↓↓↓

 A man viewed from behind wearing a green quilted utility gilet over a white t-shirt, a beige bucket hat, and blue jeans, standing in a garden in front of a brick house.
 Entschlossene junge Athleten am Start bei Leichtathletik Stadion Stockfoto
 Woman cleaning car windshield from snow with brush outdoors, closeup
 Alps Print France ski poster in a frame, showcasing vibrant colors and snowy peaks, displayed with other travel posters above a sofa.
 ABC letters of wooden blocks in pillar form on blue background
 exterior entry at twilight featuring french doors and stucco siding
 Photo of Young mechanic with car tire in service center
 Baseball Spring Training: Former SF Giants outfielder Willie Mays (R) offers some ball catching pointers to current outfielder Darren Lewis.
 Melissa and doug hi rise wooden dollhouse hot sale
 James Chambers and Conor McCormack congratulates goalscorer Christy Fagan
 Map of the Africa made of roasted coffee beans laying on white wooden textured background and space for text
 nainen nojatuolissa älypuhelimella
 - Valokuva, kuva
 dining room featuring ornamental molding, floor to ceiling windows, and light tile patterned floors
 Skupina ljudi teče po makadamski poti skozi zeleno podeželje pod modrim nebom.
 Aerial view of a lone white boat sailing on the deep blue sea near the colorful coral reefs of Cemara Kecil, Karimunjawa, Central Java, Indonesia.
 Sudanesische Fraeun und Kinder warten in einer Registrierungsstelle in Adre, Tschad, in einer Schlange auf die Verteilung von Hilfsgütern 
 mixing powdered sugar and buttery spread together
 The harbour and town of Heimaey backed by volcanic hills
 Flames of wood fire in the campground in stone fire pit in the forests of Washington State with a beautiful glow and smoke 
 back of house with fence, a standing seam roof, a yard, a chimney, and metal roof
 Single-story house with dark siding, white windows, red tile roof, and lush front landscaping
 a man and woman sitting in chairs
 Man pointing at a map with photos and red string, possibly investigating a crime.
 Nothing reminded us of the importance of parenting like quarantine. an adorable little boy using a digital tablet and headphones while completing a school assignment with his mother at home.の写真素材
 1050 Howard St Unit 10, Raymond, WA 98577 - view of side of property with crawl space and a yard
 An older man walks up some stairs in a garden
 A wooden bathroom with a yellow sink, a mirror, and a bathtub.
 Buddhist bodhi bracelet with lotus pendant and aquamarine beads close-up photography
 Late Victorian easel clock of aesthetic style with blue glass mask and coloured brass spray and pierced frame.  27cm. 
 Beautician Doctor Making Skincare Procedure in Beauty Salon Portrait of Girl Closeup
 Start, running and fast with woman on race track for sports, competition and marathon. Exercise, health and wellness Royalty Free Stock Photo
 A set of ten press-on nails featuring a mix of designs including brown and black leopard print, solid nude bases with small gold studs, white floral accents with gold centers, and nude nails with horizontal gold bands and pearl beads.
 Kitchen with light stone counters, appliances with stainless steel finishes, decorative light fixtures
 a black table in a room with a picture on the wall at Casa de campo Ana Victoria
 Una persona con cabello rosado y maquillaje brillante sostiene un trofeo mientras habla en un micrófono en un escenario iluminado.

↑↑↑

| ABOUT THIS TASK |
Show each line of the records above containing "space".

| TASK SOLUTION |
 Map of the Africa made of roasted coffee beans laying on white wooden textured background and space for text
 1050 Howard St Unit 10, Raymond, WA 98577 - view of side of property with crawl space and a yard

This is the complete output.